Detecting AI traffic on your website with crawler identification
Everyday ChatGPT and Perplexity send you invisible traffic in the form of crawlers going through your site to digest information on behalf of user in order to answer their queries. Most website owner don't even know how much traffic they get from AI crawlers, but you can actually count it and optimize for it with just a few simple tricks.
Identification method
Request Headers
Long ago when AI was not even a thing both Google and Bing had agreed that it would be good practice to disclose when they're visiting your website through crawlers. To do this they started publishing a list of ways to identify them.
The first parameter that makes crawler identifiable is the User-Agent
header, which is a string that identifies the browser or crawler that is visiting your website.

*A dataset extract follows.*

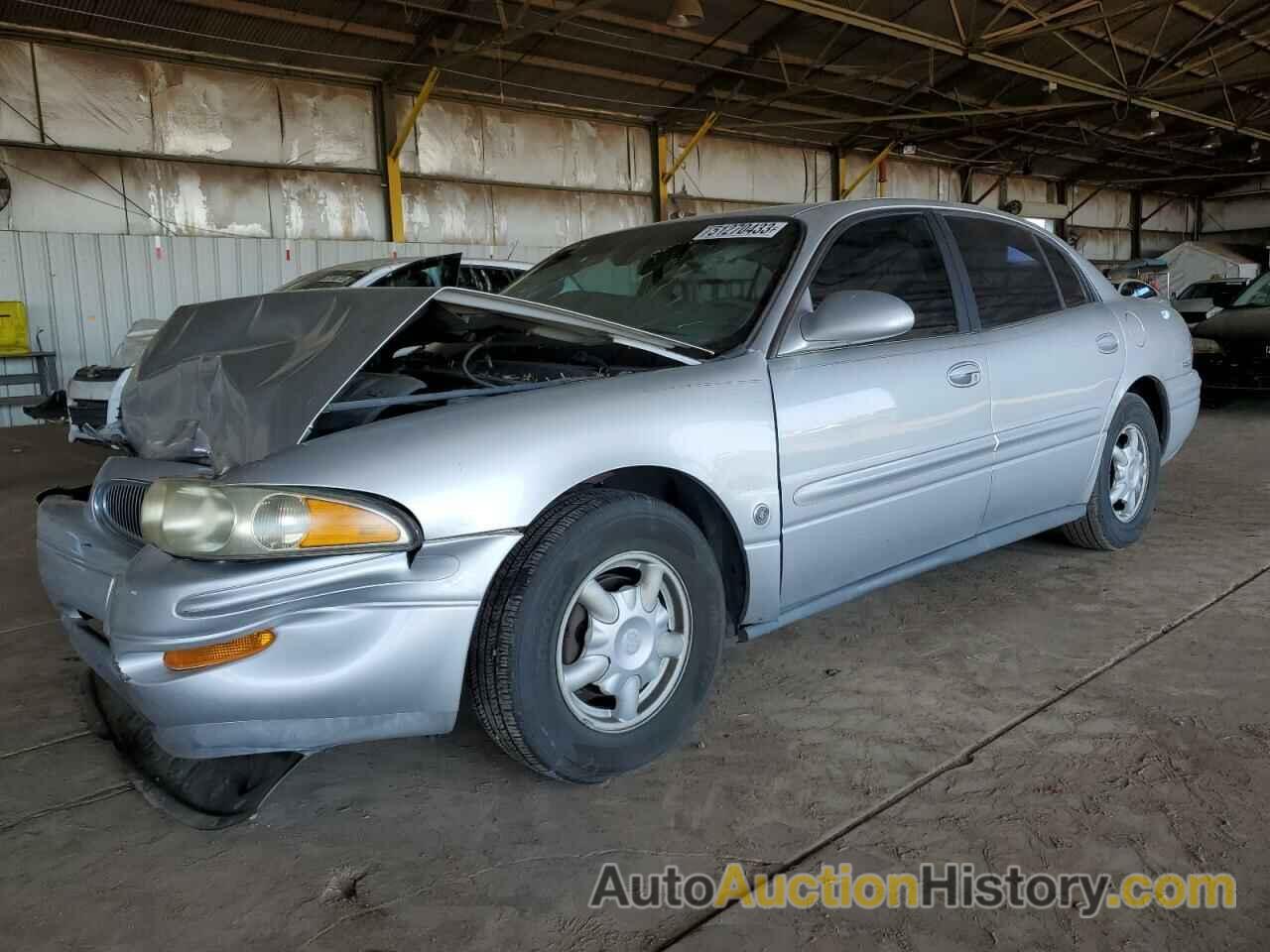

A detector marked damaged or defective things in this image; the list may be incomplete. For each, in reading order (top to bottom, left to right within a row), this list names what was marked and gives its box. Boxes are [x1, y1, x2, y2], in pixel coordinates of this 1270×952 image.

damaged front bumper [37, 460, 520, 758] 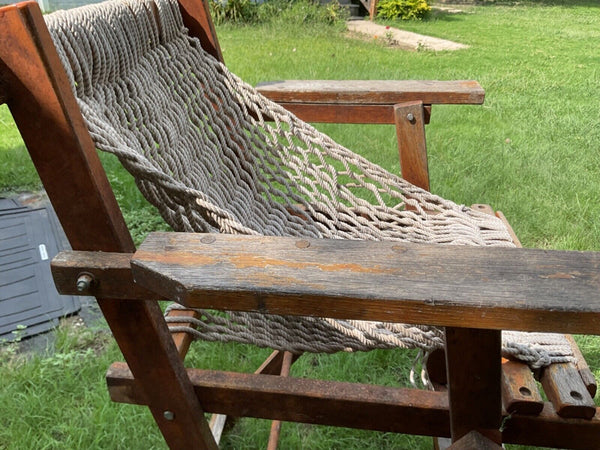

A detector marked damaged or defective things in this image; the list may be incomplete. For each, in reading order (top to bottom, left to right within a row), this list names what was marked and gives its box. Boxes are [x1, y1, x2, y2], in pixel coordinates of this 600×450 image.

This string can be freely configured when doing a request, Google, OpenAI, Perplexity and Bing all publish their user-agent configuration.
IP ranges
User-agents can be freely configured, so it would be possible for someone to impersonate a company by setting their user-agent value to one of the big companies.
That's why in addition to it they also publish a dynamic list of IP ranges from which crawlers are sending requests from, there are multiple lists bsed on the different kinds of crawlers, each list contains a list of IPv4 or IPv6 ranges including a base IP and a subnet mask.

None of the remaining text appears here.